5. Begin a Persistent and Patient Search for Suitable Property

There are four different properties to research:
•    Vacant land in a prime location
•    Existing buildings to be demolished,
•    Existing structures
•    Existing structures with needed improvements.

6. Zoning (Determining whether the house is eligible for Fraternity use)

Some cities and towns have specific zoning for fraternity and sorority use. Check with your local planning and zoning office to determine if the property you are interested in is properly zoned. Before singing anything, be sure every agreement states that the zoning allows fraternity use. Avoid, if possible, conditional use permits that tie ownership and sometimes occupant behavior to the right to use the property as a fraternity house. You should seek the permanent right to use the house for a fraternity.

7. Identify Property and Make a Game Plan

After researching your options and making sure of zoning requirements, determine which property is ideal of your situation by placing heavy emphasis on location, occupancy, and feasibility.

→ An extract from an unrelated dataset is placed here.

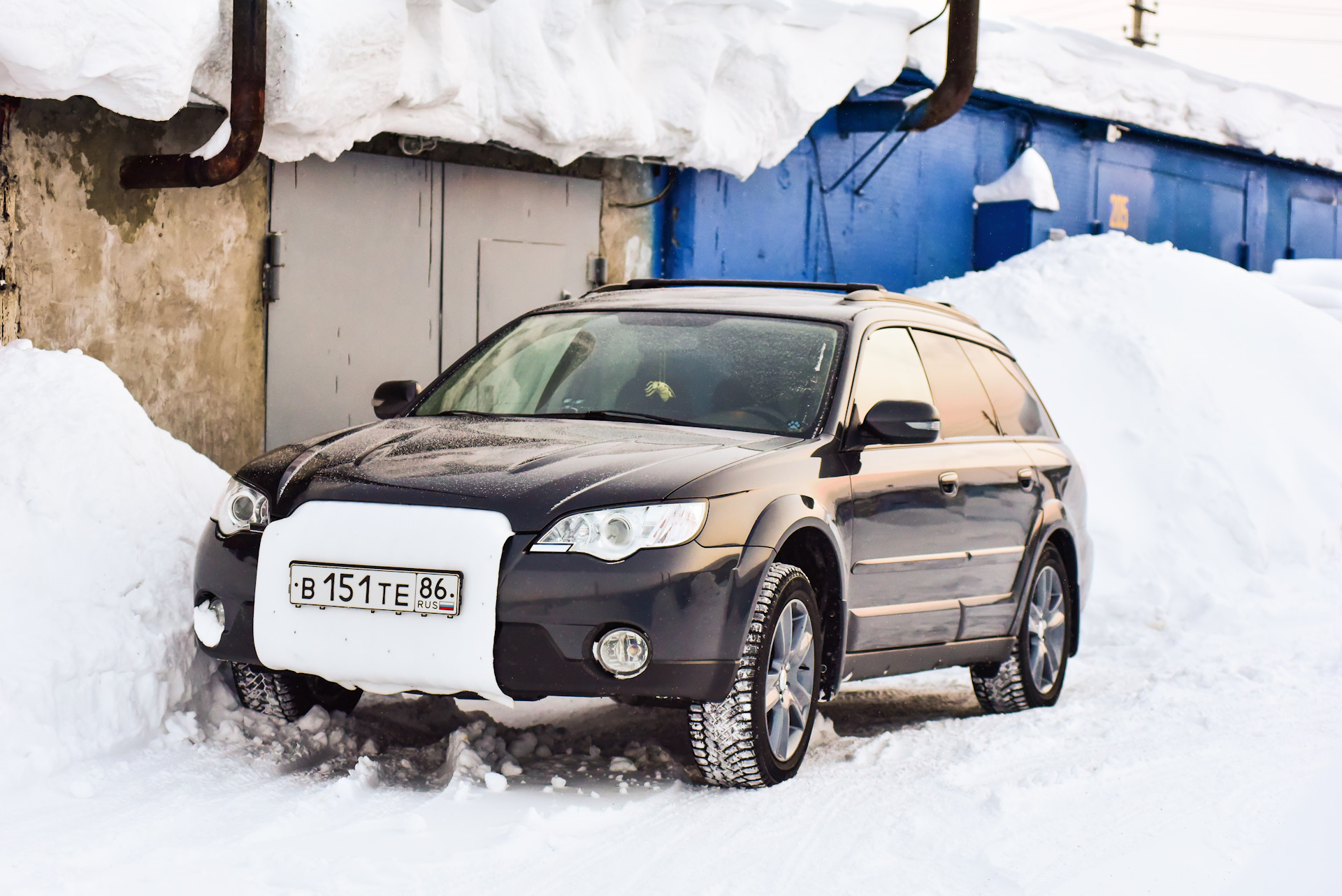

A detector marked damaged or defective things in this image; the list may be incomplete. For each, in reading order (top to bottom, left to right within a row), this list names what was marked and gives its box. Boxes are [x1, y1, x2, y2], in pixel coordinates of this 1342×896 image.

8. If Buying, “Tie Up” the property using one of the following methods:

NOTE: It is recommended at this point to use the expertise of a real estate professional.
I.    Purchase agreement (offer) contract with contingencies
II.    Option by itself ($ paid to have the right to buy at a certain price by a certain time)
III.    Right of first refusal ($ paid to have the right to match any other legitimate offer made within a certain time frame of offer being received)
IV.    If you don't have enough equity on hand, consider a lease with an option to buy
a.    Pre-negotiate purchase price
b.    Cost of repairs to preexisting conditions applied to purchase price
c.    Portion of lease payments applied to purchase price
V.    Ground Lease (common on university property where school doesn't want to own the building)
a.    Enables financing (long term and rights that enable you to get a loan)
b.    Recognition of equity (provides value in your rights in the lease)
c.    What happens if chapter closes? (Should allow you the right to lease to another acceptable entity, based upon use, or sell or assign your rights in the lease to other acceptable entity, based upon use)

9. Obtain Financing

Lending Sources:
Largest portion, if not all needed, from local lender.
•    Seller financing (see if the seller will supply any of the financing)
•    Qualify for a loan
Considered a commercial loan, therefore interest rates are higher than residential loans.
Usually 20%-30% down payment is required.
Must cash flow (income greater than expenses) comfortably with 10%-20% vacancy rates expected and 5%-10% contingency for uncollected accounts, and 5%-10% contingency in your variable expenses.
Many lenders may require some form of personal guarantee from graduate brothers.
Establish a good track record and credit record. Lenders will want to know the chapter's five-year average size (understand this fact: a new house will have little long term effect on the chapter's size.)